Category Archives: Romance

Lasciate ogne speranza

In this post, as the Klingons’ Second Rite of Ascension calls for one to say, tIqwIj Sa’angnIS I must show you my heart. I both warn you all and apologise in advance; I’m unloading a lot of stuff here in order to help me push it out of the unhealthy residence it’s been taking up in my head. One of my best friends has suggested I write more #weirdthingsivedone posts, especially since she claims I somehow manage to scale new heights of Peak Nerd in her eyes every time we talk. (I’m not sure I’ve ever been complimented so wonderfully in my entire life.) And I will do that in future posts, I promise. But for now, here, I need to wax maudlin for a short while, so I ask for your indulgence while I do.

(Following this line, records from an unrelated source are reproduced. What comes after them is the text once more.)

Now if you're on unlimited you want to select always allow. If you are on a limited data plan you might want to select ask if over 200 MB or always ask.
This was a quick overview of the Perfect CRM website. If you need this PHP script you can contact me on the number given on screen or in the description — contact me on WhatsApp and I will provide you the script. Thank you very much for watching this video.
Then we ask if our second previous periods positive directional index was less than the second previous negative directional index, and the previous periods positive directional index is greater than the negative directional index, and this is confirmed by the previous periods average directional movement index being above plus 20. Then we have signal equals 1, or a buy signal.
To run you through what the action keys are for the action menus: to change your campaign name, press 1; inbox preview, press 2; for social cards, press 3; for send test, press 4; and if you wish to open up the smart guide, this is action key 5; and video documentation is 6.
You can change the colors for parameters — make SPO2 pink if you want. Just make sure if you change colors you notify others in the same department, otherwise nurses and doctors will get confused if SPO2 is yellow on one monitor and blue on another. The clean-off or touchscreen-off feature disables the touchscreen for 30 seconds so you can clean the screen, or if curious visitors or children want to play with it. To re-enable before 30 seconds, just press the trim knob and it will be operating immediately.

I read this small chunk of prose by a poetically-inclined denizen of Facebook a couple of nights ago – the ancient historians call these prose fragments gobbets when set as stimulus fragments for essay exams, and that term I’ve been utterly unable to get out of my head for every single one of the fourteen years since I last did an ancient history essay exam – on the news feed of a friend, and I haven’t been able to get it out of my mind for a couple of days (a wonderfully pleasant Friday evening notwithstanding, spent picking out new glasses and having dinner with the same dear friend who accused me of perpetual apex geekery – that was a perfect distraction that I desperately needed and am grateful for). I don’t know if it qualifies as prose-poetry as such, but certainly the style isn’t typical of standard prose; far more highly emotive, a cry of empathy with the deeply wounded. Because of the psychological place I was in, reading this piece was like a shout into a vast canyon with perfect acoustic balance, echoing countless times within the vaults of my mind and the power to silence it or call it back utterly out of my control.

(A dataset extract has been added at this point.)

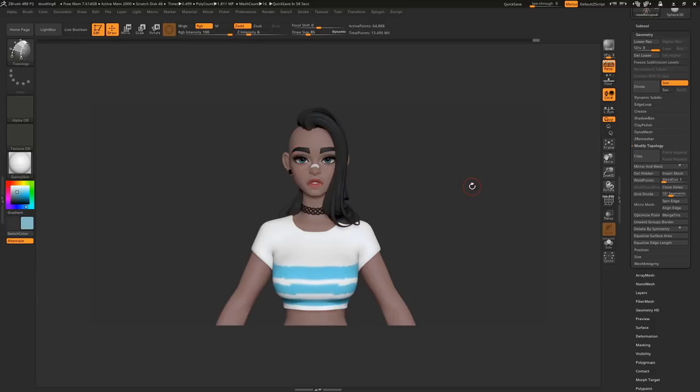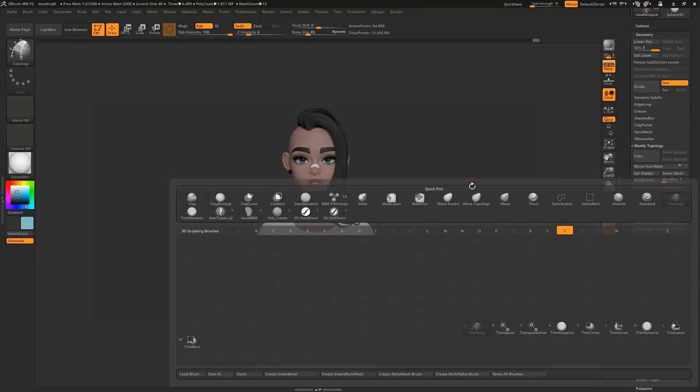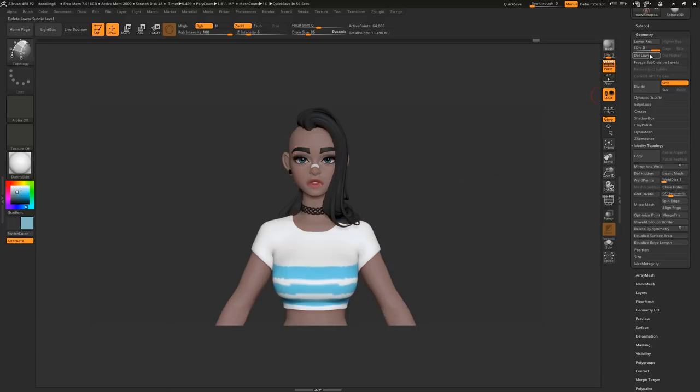While I wouldn't recommend it for complex objects like a character, ZBrush's topology brush is super handy for creating simple neat topology. Pull out the topology brush by pressing B, T, O and make sure your model has no subdivision levels. This tool lets you draw edges on your model and whenever you draw four edges you create a polygon.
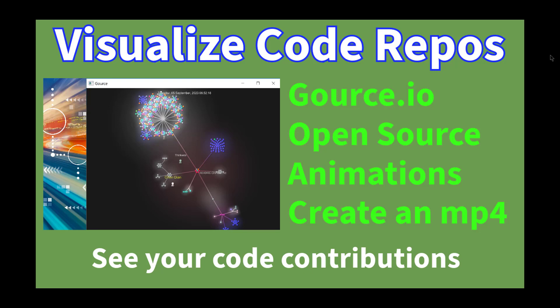Thanks for stopping by to check out my latest video. This video is about Gource, and there's a website and a GitHub repository where you can see the open source code.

I know what it feels like to live on the edge of loneliness
to have every hope crushed and everything you touch die
and to try so damn hard only to realize
nothing is going to change anytime soon
so you deal with the pain the best you can.
Reggie Nulan

I’ve been entrapped by this proselet largely because it feels almost like this Reggie Nulan has looked straight through – perhaps past – my eyes to see directly into the darkest, grimmest walls of my mind, and has unhesitatingly read the spidery scrawled inscriptions of my worst fears, shallow glyphs scratched weakly into prison walls of piled grey stone by the most anguished part of my psyche. My October was exactly like this verse says. It was a period during the start of which which I did feel occasional snatches of something like motivation, a feeling I hadn’t had in some time: motivation to work, to write, to move forward with my life in aspects that had previously been stagnant and beginning to grow heavy on my shoulders. It was a time during which I didn’t just make plans, but also took steps to – as the revolting business jargon would phrase it – action those plans. (As the great philosopher Calvin – no, not that one – puts it, verbing weirds language.)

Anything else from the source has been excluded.